Toy Animals, Kids Clinic, Fake Americans, and Second Chances

1. Dreamed that, I hear noises on my window. I see that there are mice running around my window blinds. Then they're running around my office. I notice that one looks like a tiny koala toy holding a baby. I somehow get a hold of the tiny animals and throw them into the toilet. As I flush them down, I feel conflicted. I feel bad for the murder and worry that the toilet will clog.

I have an idea of why my dream had a tiny maybe-koala in it.  

Today we're supposed to go to a family Chanukah party. I was supposed to get a gift for my youngest nephew. And I did do what I was supposed to do. I ordered from Amazon on Wednesday.  On Saturday, I realized I hadn't seen the gift yet. I checked outside. Nothing was there. I checked my email and saw, on my account, that the gift had been delivered.
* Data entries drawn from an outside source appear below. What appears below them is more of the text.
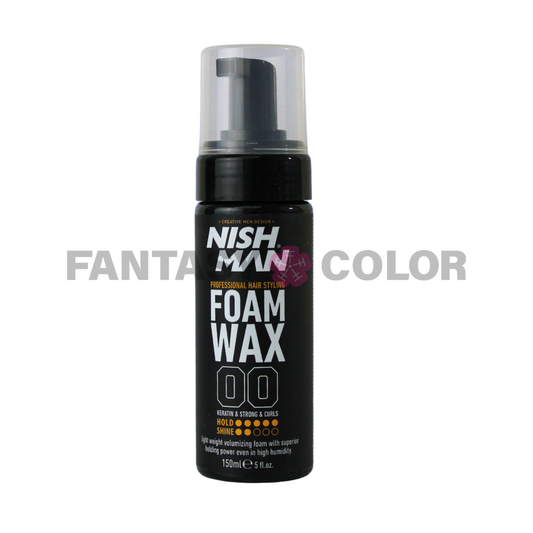 HAIR STYLING FOAM WAX/ ESPUMA LIGERA PARA CABELLO NISHMAN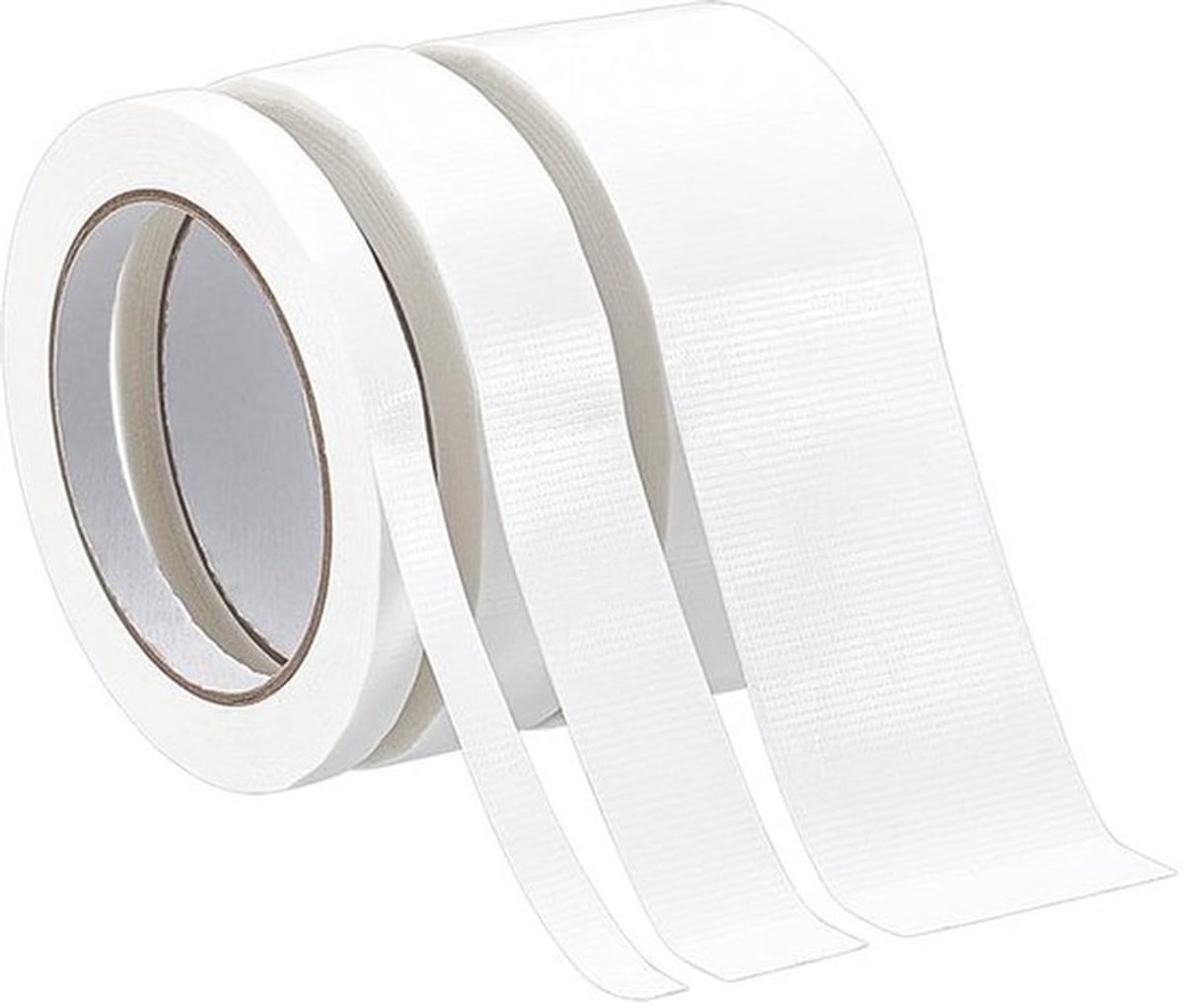 Boekbindtape Set - 5 Rollen - 10 mm/25 mm/50 mm Breed - Polyethyleen - Boekrestauratie - 20 m/Rol - Reparatietape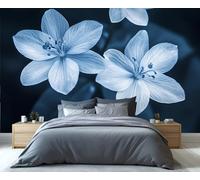 YXQAIED Papel pintado floral, papel tapiz floral oscuro para dormitorio, papel pintado de flores nórdicas, papel tapiz de sala de estar, mural grande 3D y póster de decoración de cocina (no se pela ni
This is the third time this has happened to me.  

So I had no gift for my nephew. I thought of driving to the local store to find something but then thought about all of Jack's old toys. He has so many. I found a bunch of animals, and Jack said he was fine with me giving them away.  My sister, though, said they didn't need a lot of toys. So I decided I should lessen the pile of animals a bit. I started eliminating a few. This was hard on me, because I have a total Pixar brain. I started worrying about separating friends and families. What if my nephew gets part of an animal family and the other part is left behind in our drawer?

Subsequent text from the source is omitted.